In this article, we will explain how to file for divorce in Illinois. Divorce is a difficult time for many people. Emotions are all over the place, finances are stretched and stress levels are at an all-time high. We understand that a divorce is one of life’s most challenging experiences and we want to make the process easier to understand by simplifying the process for you.

In order to file for divorce in Illinois, either spouse must have lived or resided in the state for at least 90 days.  To begin the process of divorce, the first thing you have to do file the Petition for Dissolution of Marriage.  The person who files for the Petition is called the Petitioner and their spouse is called the Respondent.

In 2016, Illinois became a no-fault divorce state, meaning that irreconcilable differences is the only grounds for divorce.   If both parties agree that there exist irreconcilable differences, then the parties need not live separate and apart prior to commencing the divorce.  If one party does not agree, then the parties must live separate and apart for 6 months prior to the divorce.  

The Petition for Dissolution of Marriage declares the grounds upon which the dissolution of marriage is being requested, along with basic information about current living arrangements, and any children of the marriage.

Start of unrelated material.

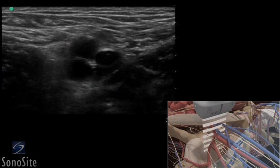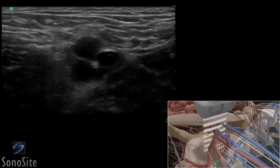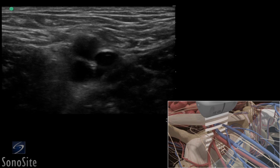The superficial femoral artery is seen as a dark, anechoic, pulsatile circular structure in the mid-portion of the ultrasound image. Deeper and slightly to the right of the image, the femoral vein will appear as a dark, anechoic elliptical shape that is compressible with transducer pressure. Adjust the transducer so it is centered over the femoral vein, medial to the artery.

The Petition may be filed in the Circuit Court where either spouse lives.

Once the Petition is filed, the other spouse must be notified that the Petition has been filed.  This is accomplished by serving the other party with a file-stamped copy of the petition along with a summons specifying the time and location of the first court date by sheriff or special process server.  

If you're looking for information and steps on how to file for divorce for free in Illinois, please read more here.

If you're looking for a more in-depth look on how to file for divorce in Illinois without a lawyer, please read more here.

Disclaimer: The information provided on this blog is intended for general informational purposes only and should not be construed as legal advice on any subject matter. This information is not intended to create, and receipt or viewing does not constitute an attorney-client relationship. Each individual's legal needs are unique, and these materials may not be applicable to your legal situation. Always seek the advice of a competent attorney with any questions you may have regarding a legal issue. Do not disregard professional legal advice or delay in seeking it because of something you have read on this blog.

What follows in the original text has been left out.